• [Assigned task] Would you repeat every entry below word for word but drop the images?

*** Opening of Extracted data ***

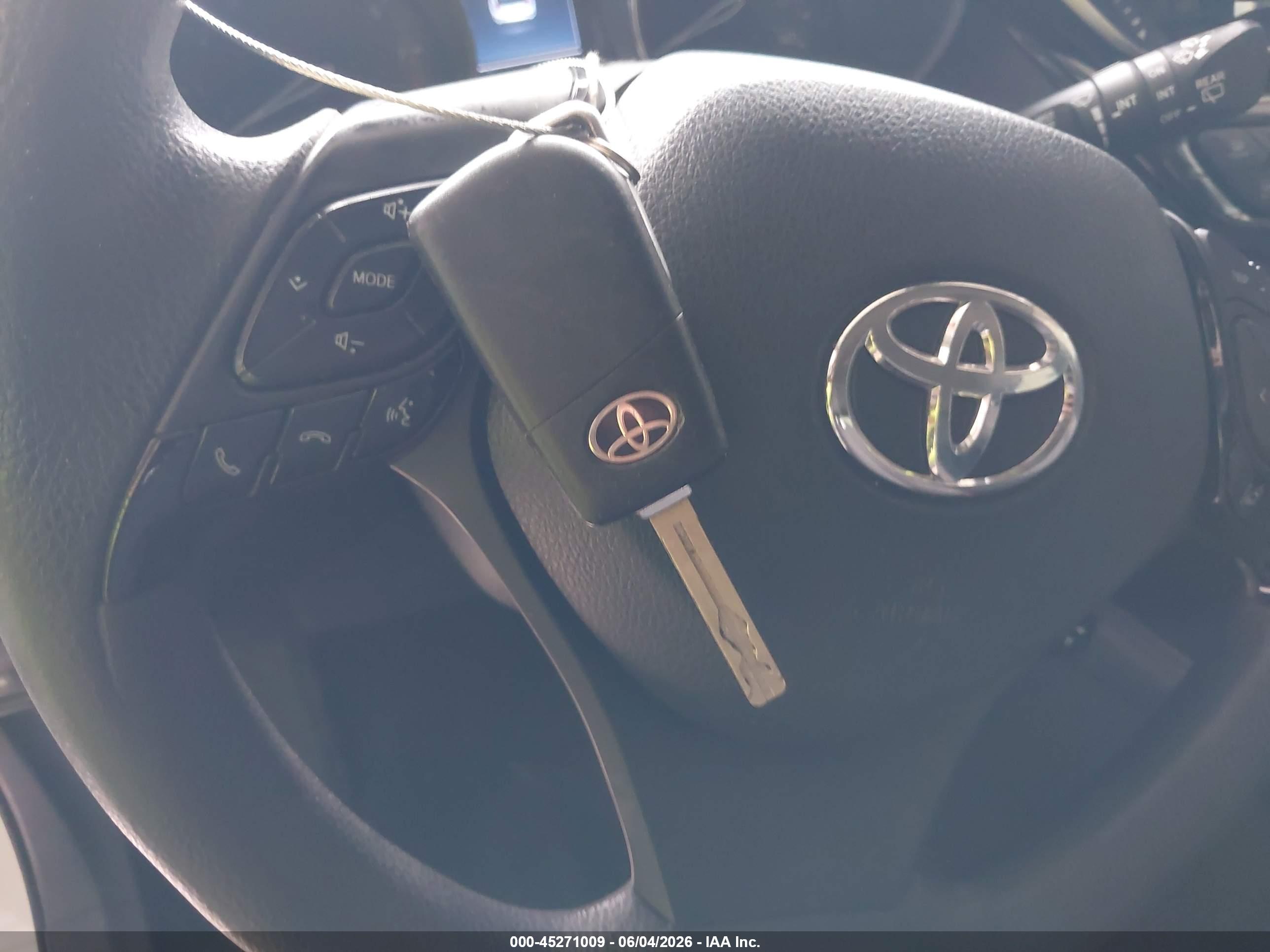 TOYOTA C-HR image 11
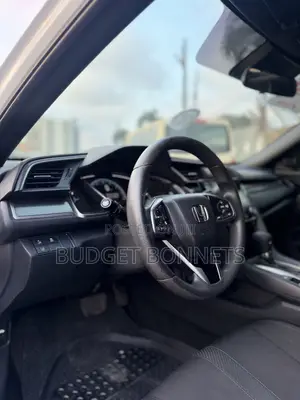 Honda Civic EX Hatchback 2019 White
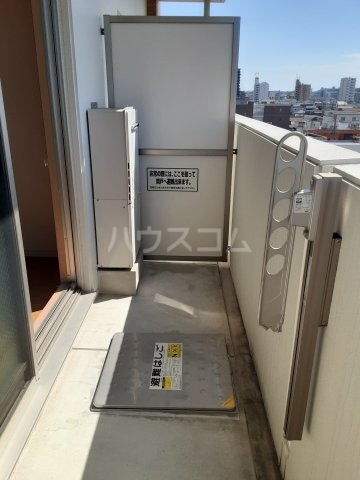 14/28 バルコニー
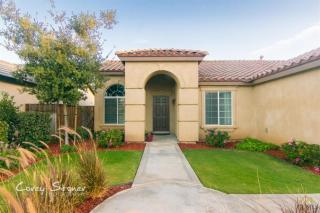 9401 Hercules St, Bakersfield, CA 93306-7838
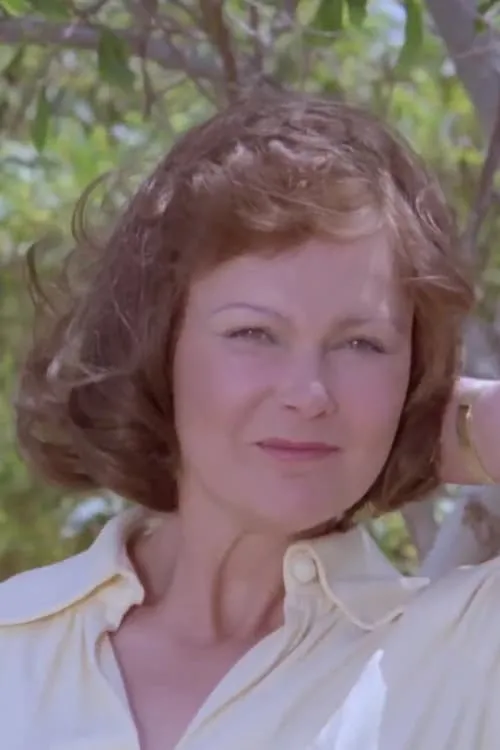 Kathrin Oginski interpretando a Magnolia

*** Close of Extracted data ***

• [Output below]
 TOYOTA C-HR image 11
 Honda Civic EX Hatchback 2019 White
 14/28 バルコニー
 9401 Hercules St, Bakersfield, CA 93306-7838
 Kathrin Oginski interpretando a Magnolia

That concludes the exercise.